Lisp, despite the nasty ()'s, is an extremely powerful tool that has
been wrongly ignored.
I am also quite fond of scripting languages like Python and especially
the relatively new import from Japan, Ruby. Ruby is fully OO
(everything is a first class object) with quite a few lisp abilities
added in and full GC. It makes a excellent prototyping and glue
language to hook together various modules in other languages whether
they are in other languages for legacy reasons or for better
Python is used at some of the really big national defense labs to hook
together huge scientific programming projects spread across multiple
banks of supercomputer level machines and in multiple languages. There
is simply no way they could keep up with demand and the changing mix
tractably with a large C/C++ or Java project.
Smalltalk is used in some highly mission critical systems in the
finacial world. It is very popular on Wall Street where Smalltalk
wizards configure complete new trading tools and systems and modify
holds in near real time to satisfy the huge hunger for just one more
edge over the competition.
Truthfully there are places where C is very good. It makes a useful
universal assmebler and is quite good for coding tight highly efficient
data structures and components. But large systems and integrating and
modifying components dynamically are not its strengths.
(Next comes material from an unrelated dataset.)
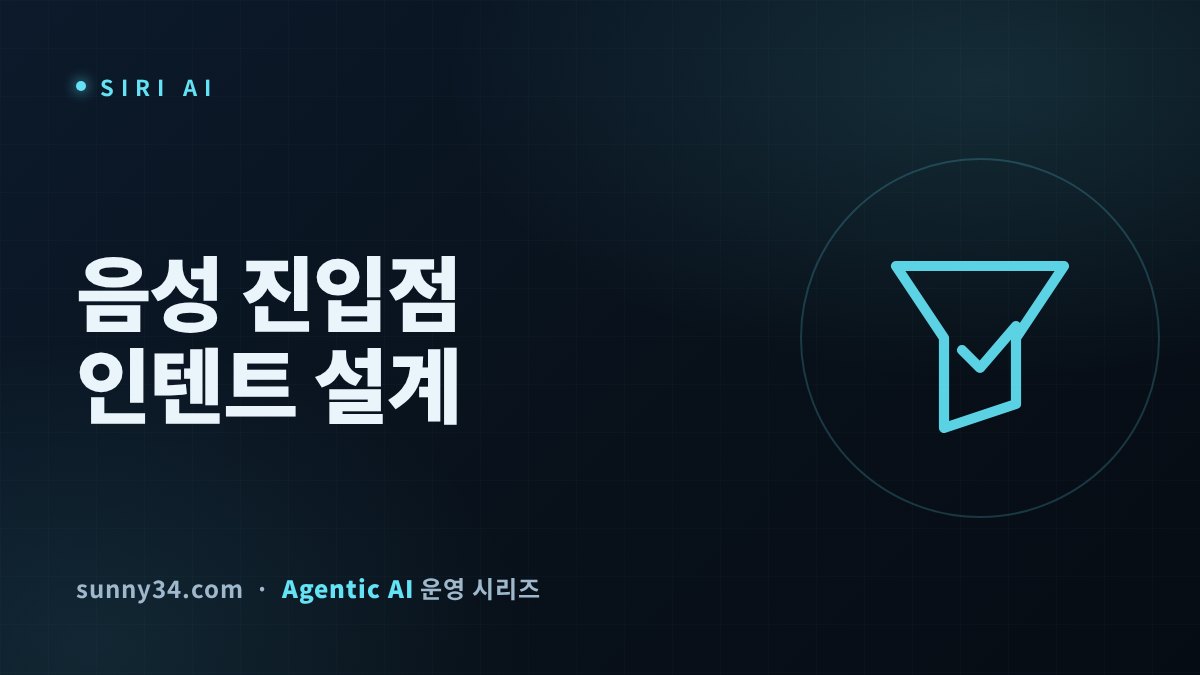 App Entry Points in the Siri AI Era thumbnail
What would be most ideal in the current state of things is if there was
a relatively transparent, efficient means to hook together components
and code snippets in multiple languages. .NET is one try, CORBA and COM
are others. I think all of these have some real weaknesses but CORBA is
the most adaptable across multiple platforms and languages. .NET does
what people have already done with the Java VM. The Java VM is
seriously constrained in its primitve operation set to what Java
supports. Yet people have managed to support 100 language
implementations in Java and some of those directly running on top of the
JVM like Jython, at least two variants of Scheme and I believe I've even
seen a Haskell in the mix.
Speaking of platforms, is WebMind particular about OS? I confess to
being mainly a Linux bigot. For some reason every time I get my hands
on a new windoze machine, despite my solemn intentions otherwise, it
eventually ends up being wiped and loaded with Linux. I do Windows for
$$$ but I do Linux generally on my own time.